How I Learned to Deal With Stress



I understood that I had to make some changes to my life when I began getting panic attacks. After being taken to the emergency room and taken a look at, the medical professionals were sure that my heart was in great condition and that I had been having a panic attack.

To me, it felt much, much even worse than a panic attack, which constantly seemed to me as if that was for individuals who were nervous individuals. A couple of weeks later on I began having the exact same signs and consulting with my own physician, and he said the exact same thing. I couldn't comprehend what I was hearing. When he provided me a prescription for anxiety medication I chose not to take it as I wanted to see how I could get on by myself without taking tablets. I wanted to fully understand exactly what was going on.

The first thing I did was to give up coffee and anything else with caffeine. That was one of the hardest things I have actually had to do in my life, and I still miss it. I did some reading and found information that recommended that, while it probably wasn't causing my panic attacks, it was definitely making my anxiety even worse. I do feel much calmer now since I stopped drinking coffee.

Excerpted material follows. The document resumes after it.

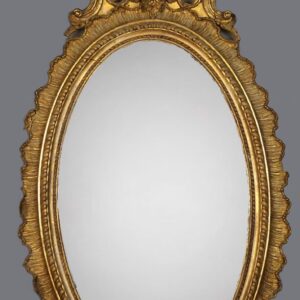 A gold mirror with an ornate frame and a gray background.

Next, I stopped hanging around unhealthy people. I knew a lot of unhealthy and toxic people at my job. No-one truly liked the work we did, so it was easy to be negative, nasty and sarcastic, which is exactly what most people did. I realised that if I wished to stop feeling so stressed out that I had to hang around people who weren't as unlikable as the stress they were going through. Some work colleagues didn't understand why I was distancing myself, but I absolutely am glad I did keep my distance.

I tried doing a lot of different things. The only thing that seems to help me is guided meditation. I discovered that if I meditate in the morning that I feel much better in the morning, which has the positive effect of getting more things done.

I also started exercising so I could reduce the stress in my life. Not too much, simply a few days a week of light workouts in the local gym.

I'm taking steps to leave my job today, as a matter of fact. While I'm feeling much better, that will most likely do the trick. As I pointed out, I do not like my work at all, and I can now see that it is making me ill. I can constantly find another suitable job without being surrounded by toxic people.

I understand that I still have some work to do, however, because making the above changes I feel better with my life.